◆ **Directions for this task**
Report each line of the entries below that has the word "Gray" in it.

START Information provided

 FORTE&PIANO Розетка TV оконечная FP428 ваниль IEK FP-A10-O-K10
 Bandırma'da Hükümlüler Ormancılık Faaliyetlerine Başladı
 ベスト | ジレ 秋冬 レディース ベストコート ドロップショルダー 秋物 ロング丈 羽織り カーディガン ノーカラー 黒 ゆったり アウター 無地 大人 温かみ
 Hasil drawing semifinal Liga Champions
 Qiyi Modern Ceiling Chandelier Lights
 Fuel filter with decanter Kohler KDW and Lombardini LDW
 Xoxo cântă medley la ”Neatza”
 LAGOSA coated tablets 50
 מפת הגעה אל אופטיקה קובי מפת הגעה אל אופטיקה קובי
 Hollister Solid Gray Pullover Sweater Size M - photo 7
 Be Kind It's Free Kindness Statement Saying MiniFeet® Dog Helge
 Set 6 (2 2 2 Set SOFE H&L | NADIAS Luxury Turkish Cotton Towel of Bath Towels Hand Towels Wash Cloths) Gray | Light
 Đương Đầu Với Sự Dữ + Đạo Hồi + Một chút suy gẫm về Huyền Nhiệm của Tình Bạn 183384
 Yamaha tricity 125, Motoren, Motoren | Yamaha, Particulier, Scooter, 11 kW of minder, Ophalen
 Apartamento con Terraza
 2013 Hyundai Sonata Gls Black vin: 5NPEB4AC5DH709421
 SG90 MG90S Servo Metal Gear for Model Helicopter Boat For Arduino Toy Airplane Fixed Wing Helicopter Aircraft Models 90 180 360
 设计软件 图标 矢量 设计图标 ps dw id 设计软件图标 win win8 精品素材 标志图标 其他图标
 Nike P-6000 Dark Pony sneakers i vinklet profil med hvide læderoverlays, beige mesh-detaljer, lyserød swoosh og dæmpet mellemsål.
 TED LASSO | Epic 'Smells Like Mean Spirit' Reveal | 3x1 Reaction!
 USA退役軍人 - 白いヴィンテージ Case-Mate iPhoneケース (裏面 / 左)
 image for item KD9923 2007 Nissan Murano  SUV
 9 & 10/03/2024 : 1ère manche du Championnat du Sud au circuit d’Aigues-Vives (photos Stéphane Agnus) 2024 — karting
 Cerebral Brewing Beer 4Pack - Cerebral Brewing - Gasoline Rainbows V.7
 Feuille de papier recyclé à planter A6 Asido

END Information provided

◆ **Task output**
 Hollister Solid Gray Pullover Sweater Size M - photo 7
 Set 6 (2 2 2 Set SOFE H&L | NADIAS Luxury Turkish Cotton Towel of Bath Towels Hand Towels Wash Cloths) Gray | Light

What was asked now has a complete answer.